- PROBLEM -
Everything from the line with "The Mount Rushmore" to the line with "Item preview, Sentence" in the listing below, both lines included, needs to be copied exactly, apart from the pictures.

--- START ---

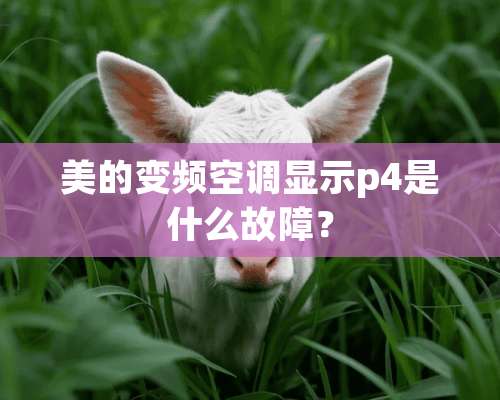 美的变频空调显示p4是什么故障？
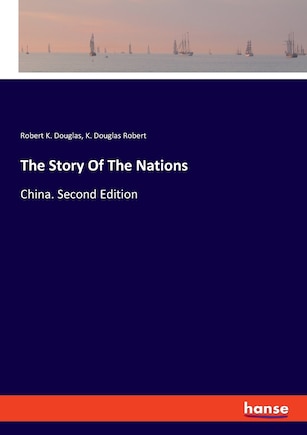 The Story Of The Nations: China. Second Edition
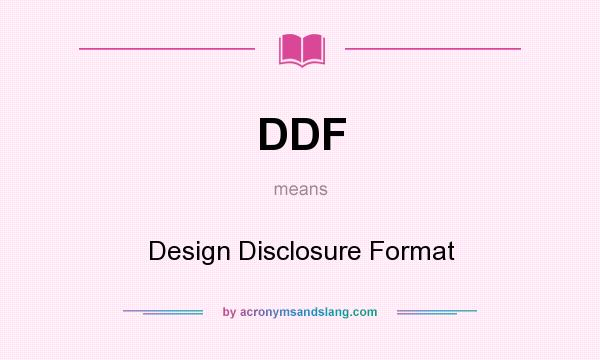 What does DDF mean? It stands for Design Disclosure Format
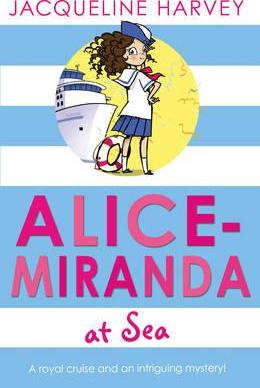 Alice Miranda At Sea (#4)- Jacqueline Harvey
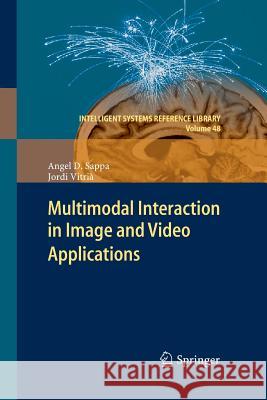 Multimodal Interaction in Image and Video Applications Jordi Vitria Angel D Sappa  9783642439834
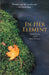 In Her Element - Women and the Landscape, An Anthology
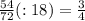 \frac{54}{72}(:18)= \frac{3}{4}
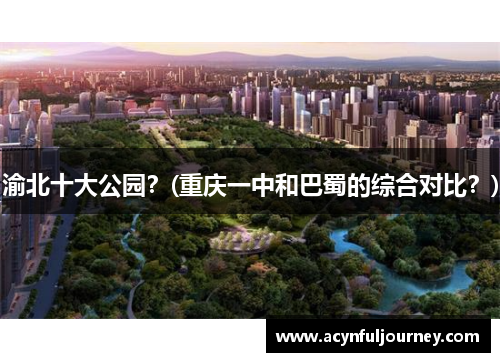 渝北十大公园？(重庆一中和巴蜀的综合对比？)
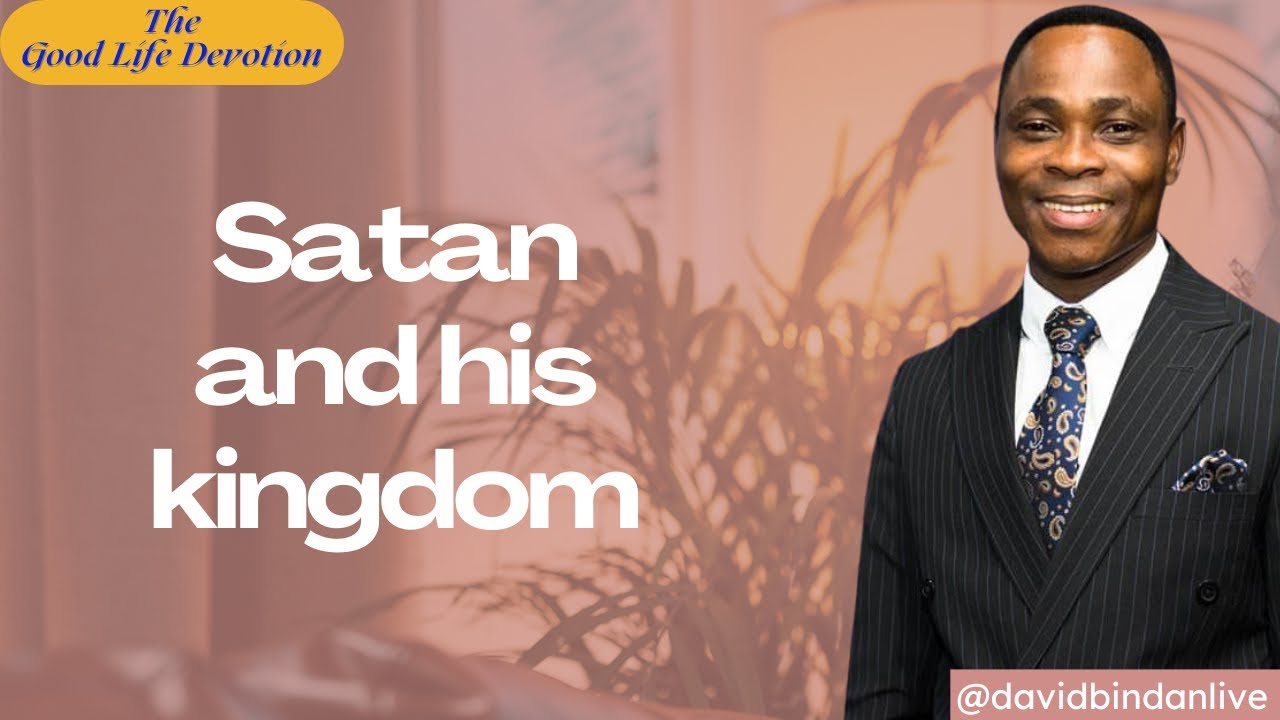 Satan and his Kingdom - Dr. David Bindan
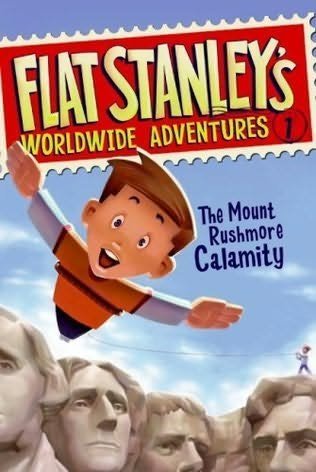 The Mount Rushmore Calamity (Flat Stanley's Worldwide Adventures, No. 1) by Jeff Brown
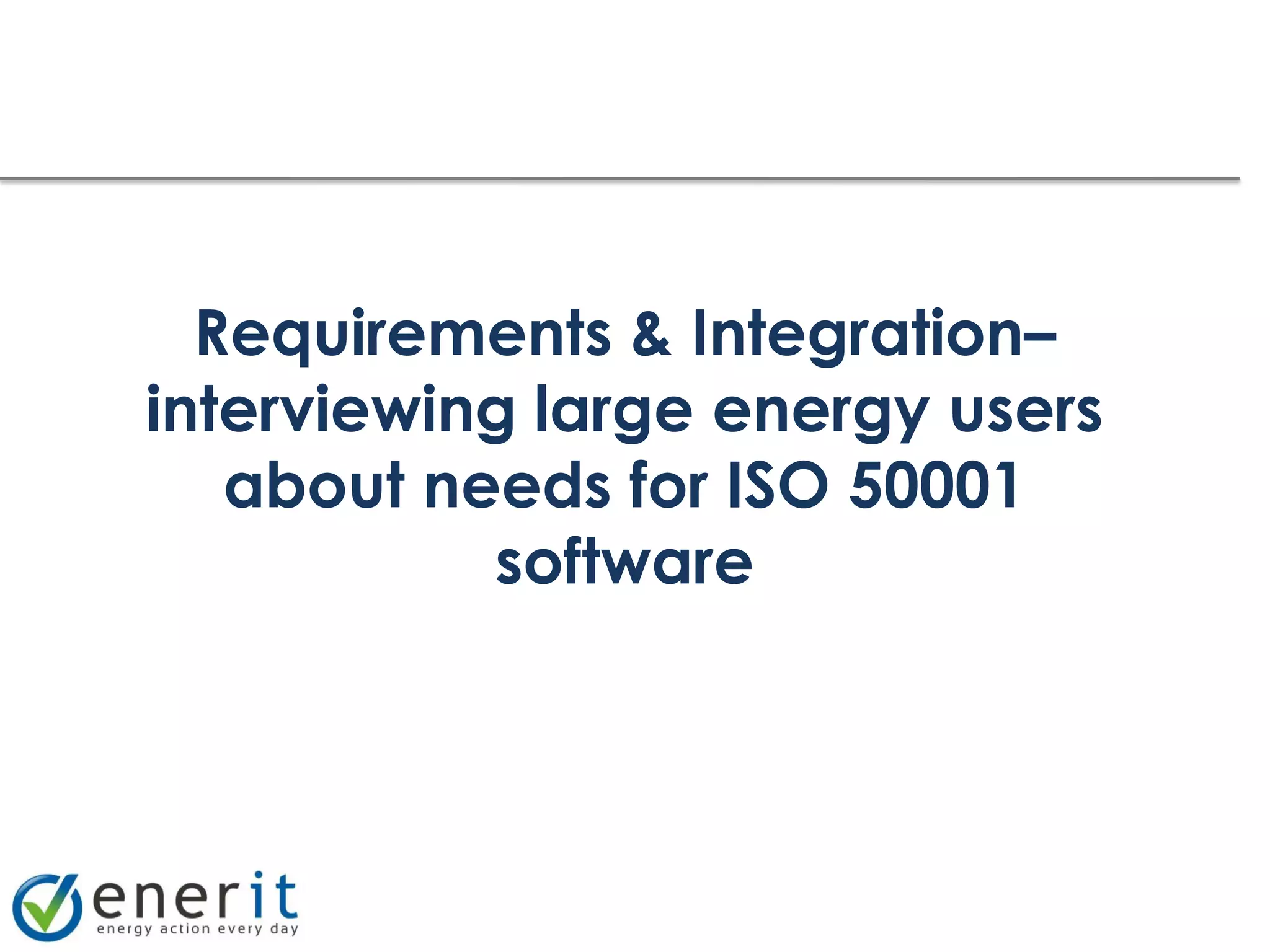 Requirements & Integration–
interviewing large energy users
   about needs for ISO 50001
           software
 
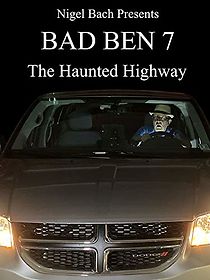 Watch Bad Ben 7: The Haunted Highway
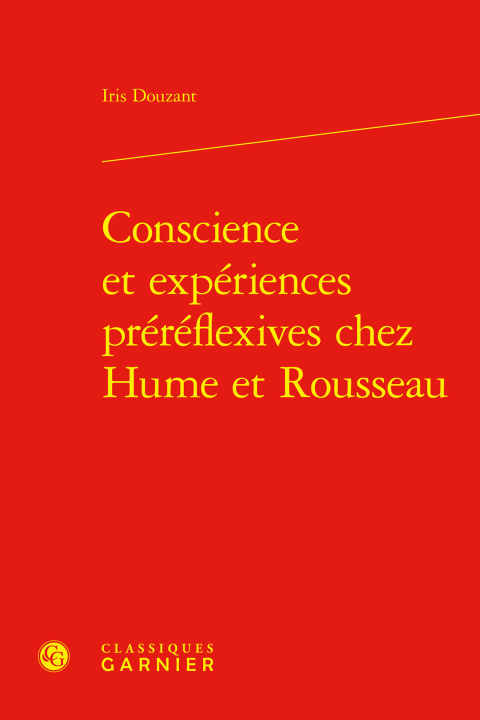 Kniha Conscience et expériences préréflexives chez hume et rousseau Douzant iris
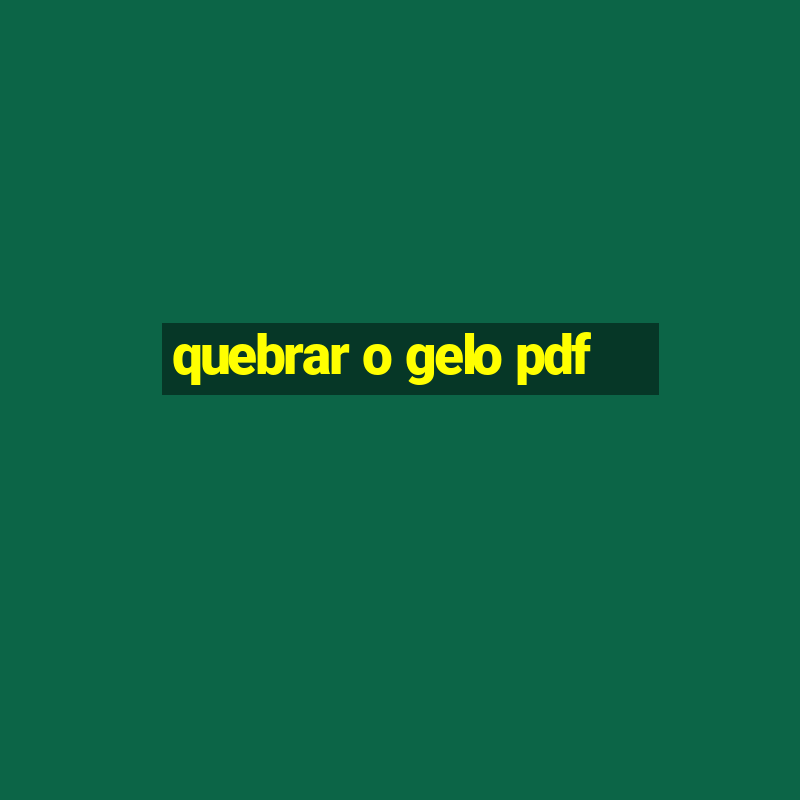 quebrar o gelo pdf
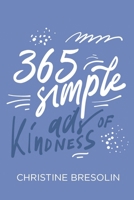 365 Simple Acts of Kindness B0FST7HNYT Book Cover
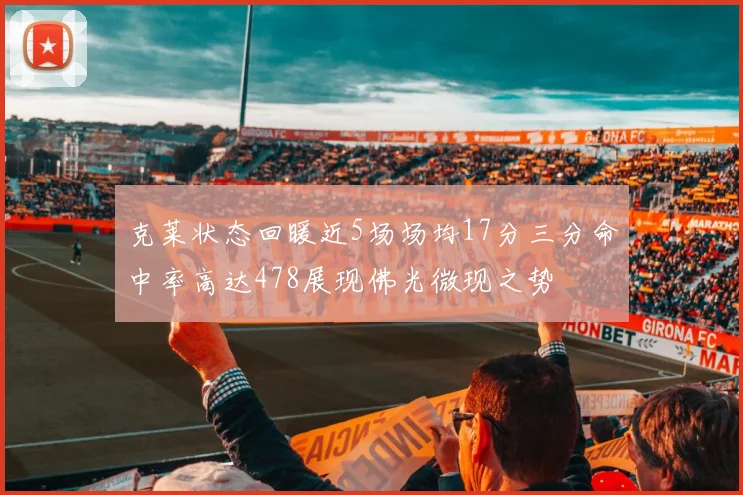 克莱状态回暖近5场场均17分三分命中率高达478展现佛光微现之势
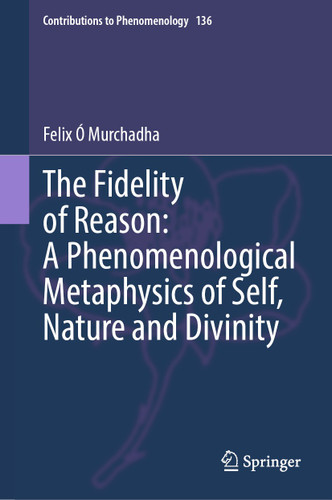 The Fidelity of Reason: A Phenomenological Metaphysics of Self, Nature and Divinity (Contributions to Phenomenology #136) book cover by Felix Ó Murchadha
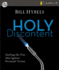 Holy Discontent: Fueling the Fire That Ignites Personal Vision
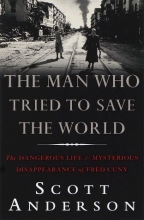 Cover art for The Man Who Tried to Save the World: The Dangerous Life & Mysterious Disappearance of Fred Cuny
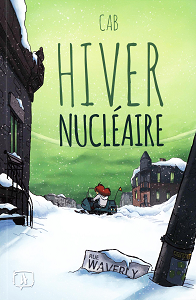 Hiver Nucleaire - Tome 1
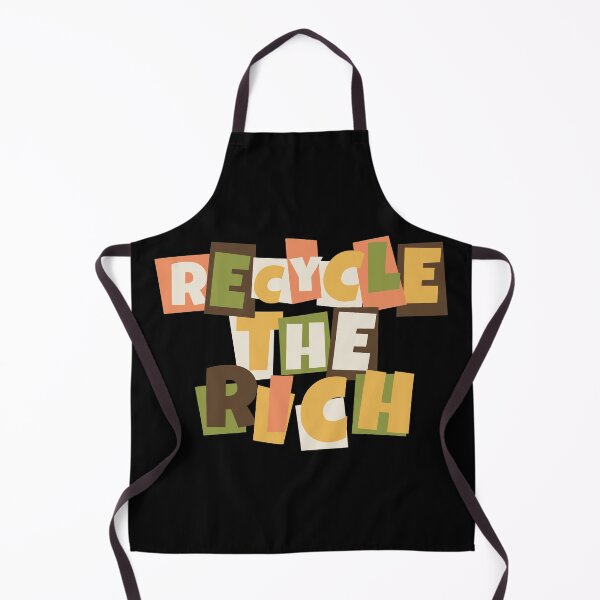 Item preview, Recycle the rich designed and sold by ItsMemeMachine.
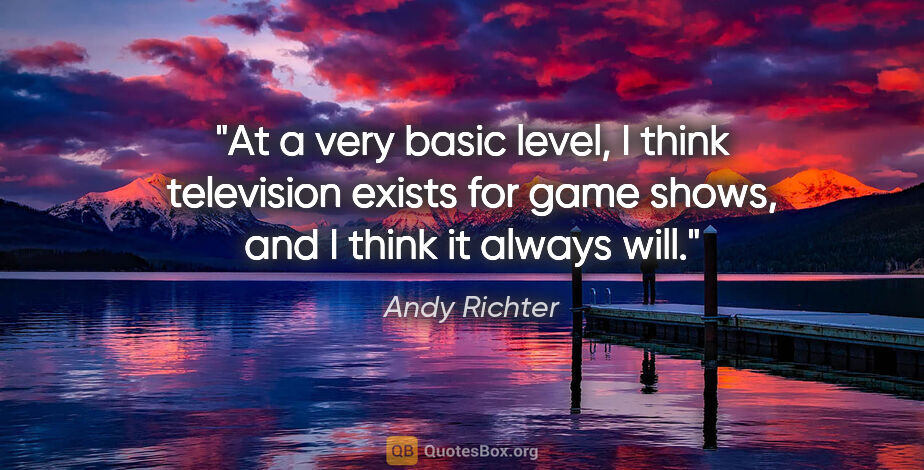 Andy Richter quote: "At a very basic level, I think television exists for game..."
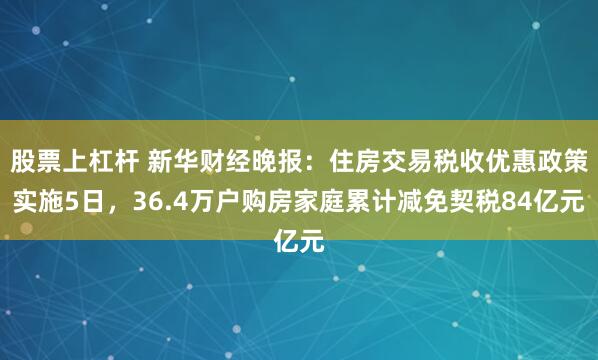 股票上杠杆 新华财经晚报：住房交易税收优惠政策实施5日，36.4万户购房家庭累计减免契税84亿元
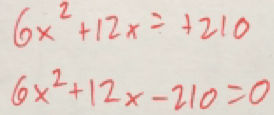 6x^2+12x=+210
6x^2+12x-210=0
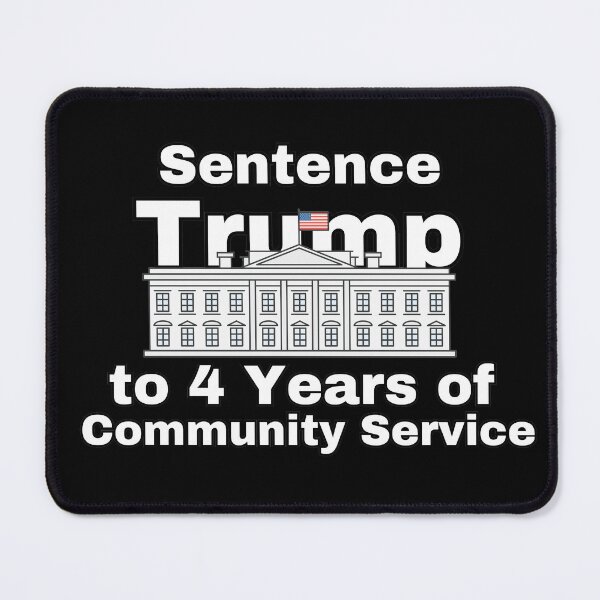 Item preview, Sentence Trump to 4 Years of Community Service designed and sold by InklingIris.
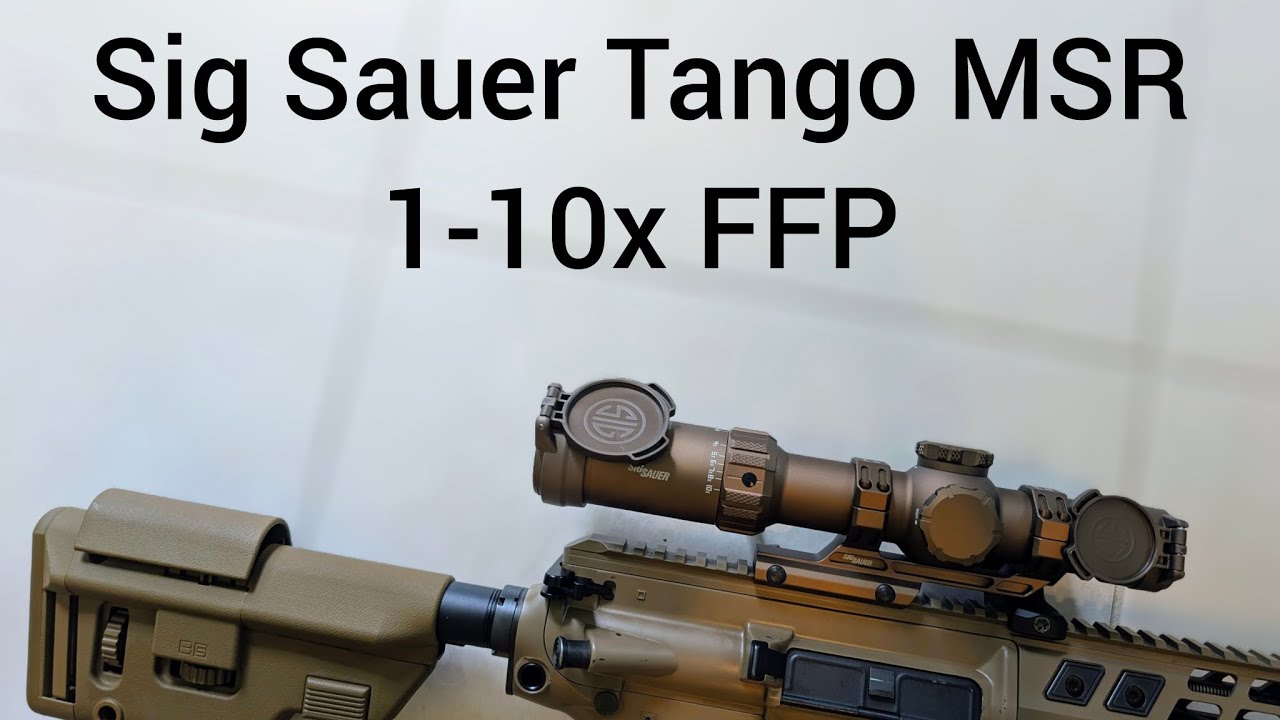 SIG Tango MSR 1-10x review - YouTube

--- END ---

- SOLUTION TO THE EXERCISE -
 The Mount Rushmore Calamity (Flat Stanley's Worldwide Adventures, No. 1) by Jeff Brown
 Requirements & Integration–
interviewing large energy users
   about needs for ISO 50001
           software
 
 Watch Bad Ben 7: The Haunted Highway
 Kniha Conscience et expériences préréflexives chez hume et rousseau Douzant iris
 quebrar o gelo pdf
 365 Simple Acts of Kindness B0FST7HNYT Book Cover
 克莱状态回暖近5场场均17分三分命中率高达478展现佛光微现之势
 The Fidelity of Reason: A Phenomenological Metaphysics of Self, Nature and Divinity (Contributions to Phenomenology #136) book cover by Felix Ó Murchadha
 Holy Discontent: Fueling the Fire That Ignites Personal Vision
 Cover art for The Man Who Tried to Save the World: The Dangerous Life & Mysterious Disappearance of Fred Cuny
 Hiver Nucleaire - Tome 1
 Item preview, Recycle the rich designed and sold by ItsMemeMachine.
 Andy Richter quote: "At a very basic level, I think television exists for game..."
 股票上杠杆 新华财经晚报：住房交易税收优惠政策实施5日，36.4万户购房家庭累计减免契税84亿元
 6x^2+12x=+210
6x^2+12x-210=0
 Item preview, Sentence Trump to 4 Years of Community Service designed and sold by InklingIris.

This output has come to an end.